Ce diagnostic me semble aujourd'hui inchangé : Versant est toujours un leader de ce marché, et la plupart des autres SGBDO apparus depuis sont de "petits" SGBD, qui me semblent tenir difficilement la comparaison. Tout simplement parce qu'un SGBDO, c'est d'abord un moniteur transactionnel objet, et qu'un moniteur transactionnel (même non objet), ça ne se développe pas en un ou deux ans avec 3 ou 4 développeurs, même super bons : c'est beaucoup plus compliqué que cela à réaliser (rappelez-vous que même Microsoft n'a pas réussi à proposer un moniteur transactionnel robuste en toute situation : on arrive assez facilement à planter feu MTS ou BizTalk). Donc pour développer un tel produit, il faut, derrière, une société privée à l'assise financière suffisante pour pouvoir investir assez d'hommes et de temps : chose que bien peu de sociétés à part les majors de l'informatique peuvent se permettre, et chose que ces majors ont, jusqu'à présent, toujours refusé de faire, préférant continuer à privilégier leur propre produit reposant sur le relationnel.

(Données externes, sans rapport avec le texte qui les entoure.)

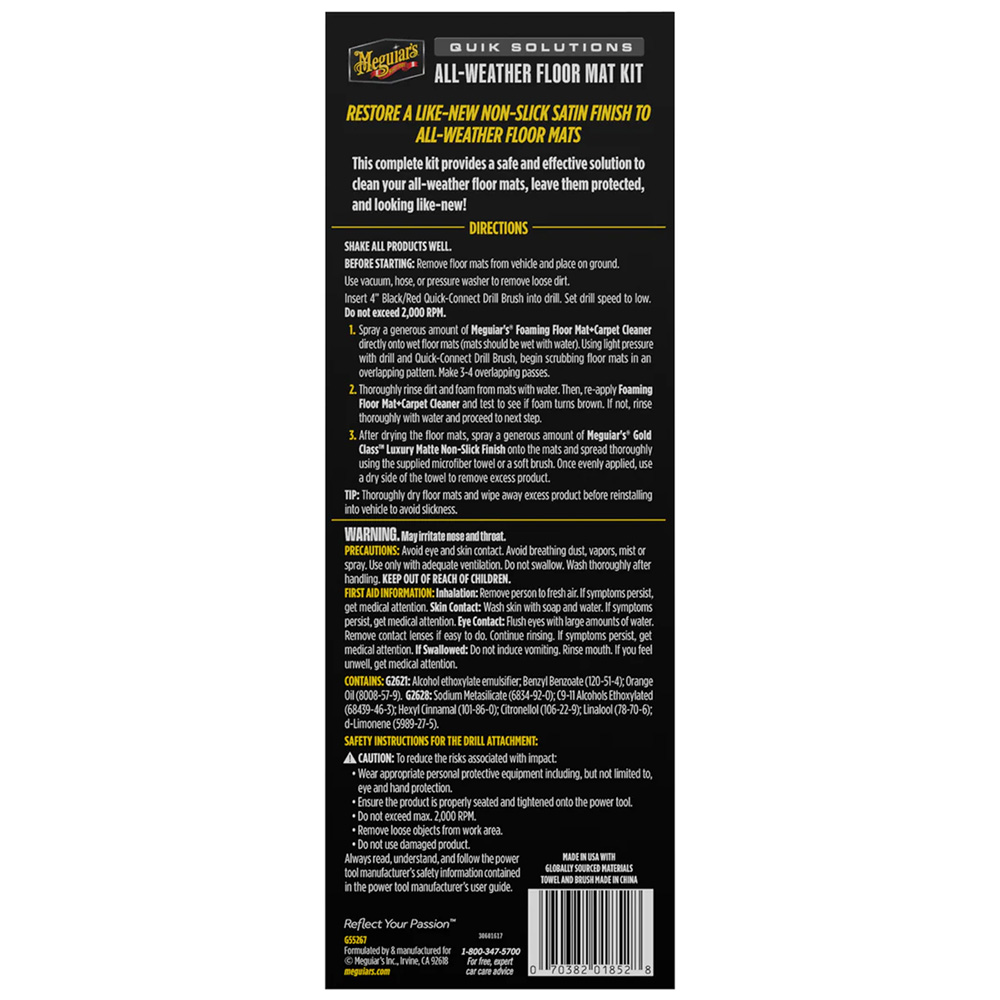 Meguiar's All-Weather Floor Mat Kit instructions.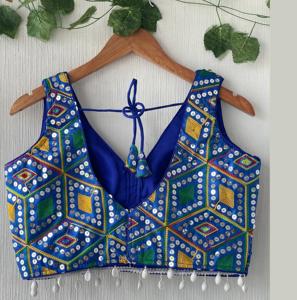 Blusa Sari confeccionada tradicional elegante de Boutique india, blusas de diseñador cómodas y elegantes, ropa de fiesta étnica nupcial - Product Image 1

8. Le lundi 31 août 2009, 14:53 par pic

Il me semble préférable d'utiliser JPA (Java Persistance Api), quand c'est possible, plutôt que Hibernate.

9. Le lundi 19 octobre 2009, 13:00 par Antonio

la couche DAO conserve une utilisé pratique : elle permet d'isoler une partie du code technique spécifique (requêtes HQL / SQL, Criterions, Transformers...)

D'accord, mais il y a un autre cas où les DAOs ne servent à rien : les named query. Les named query doivent être définie sur l'entity (on n'a pas le choix, elles ne peuvent pas être regroupées dans une seule classe par exemple) ou dans un fichier XML (à conseiller car sur l'entity, c'est vite illisible, mais c'est l'exemple que je prendrai pour illustrer le cas). On a donc le code suivant :

@Entity
@NamedQuery(name = "findAll", query = "SELECT c FROM Customer c")
public class Customer {
...
}

Ensuite, la couche service peut directement invoquer cette requete de la manière suivante :

Query q = entityManager.createNamedQuery("findAll");
List<Customer> customers = q.getResultList();

Encapsuler ces deux lignes de code (ou même une seule en simplifiant) dans un DAO me parait être superflu.